Here in Minnesota we like to say that there are only two seasons – winter and road construction.
As winter finally comes to an end in the frozen north, we are already starting to see the inevitable lane, bridge, and ramp closures. However, worse than that are all the potholes. This was an especially cold winter with lots of snow and the roads are experiencing an epidemic of those suspension-destroying, jaw-rattling road hazards. My son hit an especially nasty one a week ago that took out one of his tires.

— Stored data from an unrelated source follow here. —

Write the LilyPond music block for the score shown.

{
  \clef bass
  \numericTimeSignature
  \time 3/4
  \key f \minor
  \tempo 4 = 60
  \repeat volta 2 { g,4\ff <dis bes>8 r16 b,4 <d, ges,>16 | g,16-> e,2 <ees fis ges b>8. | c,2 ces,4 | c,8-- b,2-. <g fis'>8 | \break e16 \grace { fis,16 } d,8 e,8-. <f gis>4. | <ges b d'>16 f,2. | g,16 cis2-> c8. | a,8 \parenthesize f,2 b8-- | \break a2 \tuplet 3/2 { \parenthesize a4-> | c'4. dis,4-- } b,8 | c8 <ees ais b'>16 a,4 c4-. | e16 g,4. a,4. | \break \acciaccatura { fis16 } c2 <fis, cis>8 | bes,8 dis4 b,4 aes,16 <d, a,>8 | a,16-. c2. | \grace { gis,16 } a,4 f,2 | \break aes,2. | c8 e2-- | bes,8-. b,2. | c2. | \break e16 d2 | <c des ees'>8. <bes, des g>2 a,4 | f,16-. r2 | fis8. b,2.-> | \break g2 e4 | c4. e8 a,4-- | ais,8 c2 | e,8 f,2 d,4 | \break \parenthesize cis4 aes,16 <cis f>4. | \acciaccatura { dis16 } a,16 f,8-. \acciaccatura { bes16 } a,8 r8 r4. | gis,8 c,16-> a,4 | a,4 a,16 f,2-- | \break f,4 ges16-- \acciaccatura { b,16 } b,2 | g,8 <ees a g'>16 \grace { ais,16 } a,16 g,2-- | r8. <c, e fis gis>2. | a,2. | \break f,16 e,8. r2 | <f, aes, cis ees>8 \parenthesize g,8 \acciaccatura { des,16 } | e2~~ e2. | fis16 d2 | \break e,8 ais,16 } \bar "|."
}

There is one interesting aspect to potholes, though. You get a peek at what lies below all that concrete and asphalt. Those of you who don’t live in a city as old as Saint Paul, Minnesota might not understand what I am talking about. To you, roads sit on dirt. Not here. Many of our roads sit on much older roads. Specifically, they sit on brick or cobblestone. Instead of removing all that previous material, Saint Paul just paved over it.
In addition to older roads, you might get a glimpse at our former modes of transportation. This happened to me on Monday when I passed by a pothole so deep that it exposed ancient trolley tracks. Even after the introduction of cars, trolleys crisscrossed the Twin Cities and for decades were the main form of transportation for many people. Like those bricks and cobblestones, those tracks were simply covered up when the new roads were laid.
A lot of IP telephony systems are like our present-day roads. Remember, until the early to middle 2000’s, most telephone systems were analog or digital and used proprietary backbones, or TDM busses, to provide dial tone and talk paths. I don’t have any real number to refer to, but experience tells me that instead of forklifting their PBXs, the vast majority of companies simply upgraded them with new software and some new hardware. However, there are still lots of old chassis (what I affectionately call refrigerator cabinets) and line cards out there. And why not? They still work and do what they were designed to do.
For much of its life, a VoIP call operates independently of the underlying TDM infrastructure. That TDM bus is still there, but SIP signaling goes to and from a SIP proxy (e.g. Session Manager) and media (please see my article, Getting Real With Real-Time Protocol) flows end-to-end between IP devices.
That’s not true all the time, though. Those VoIP calls may need to take advantage of system messages, announcements, conference, music on hold, etc. The resources that supply those features have been around for a long time and were built around TDM.
However, you don’t want to marry SIP to the TDM infrastructure. In other words, you don’t want to prohibit end-to-end multimedia sent directly from one SIP device to another.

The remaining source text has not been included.